**TASK BRIEF**: Copy the listing verbatim, excluding any images found in it.
┌─ RECORDED DATA
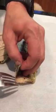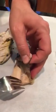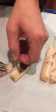Then you can just remove the skin this way. Flip it over. Remove the skin. Trout fillet.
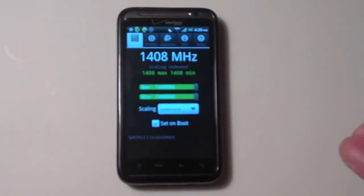I recommend keeping your phone at 1.4 GHz right now. All the kernels out there really aren't that stable, so I would wait. Until then, guys, leave some feedback on my page — please comment, rate, and subscribe. Peace.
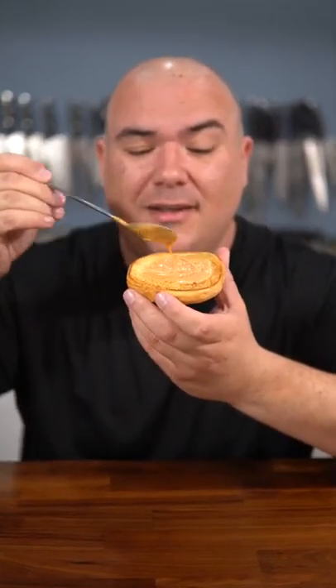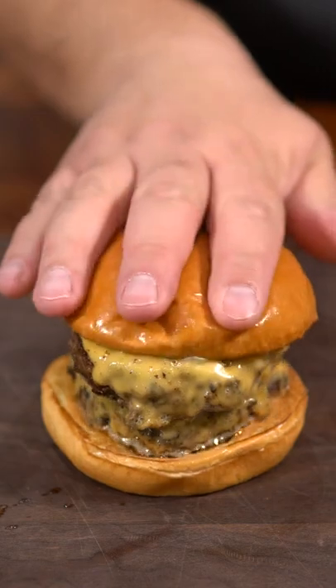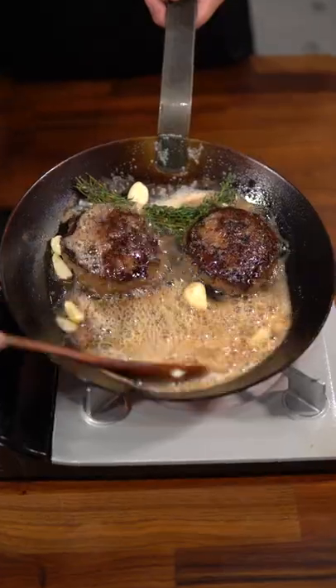Sauce your buns with homemade sauce. Now we build. Add one patty followed by another and crown that beautiful burger. Take a look at that — one pan classic.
└─
**TASK SOLUTION**:
Then you can just remove the skin this way. Flip it over. Remove the skin. Trout fillet.
I recommend keeping your phone at 1.4 GHz right now. All the kernels out there really aren't that stable, so I would wait. Until then, guys, leave some feedback on my page — please comment, rate, and subscribe. Peace.
Sauce your buns with homemade sauce. Now we build. Add one patty followed by another and crown that beautiful burger. Take a look at that — one pan classic.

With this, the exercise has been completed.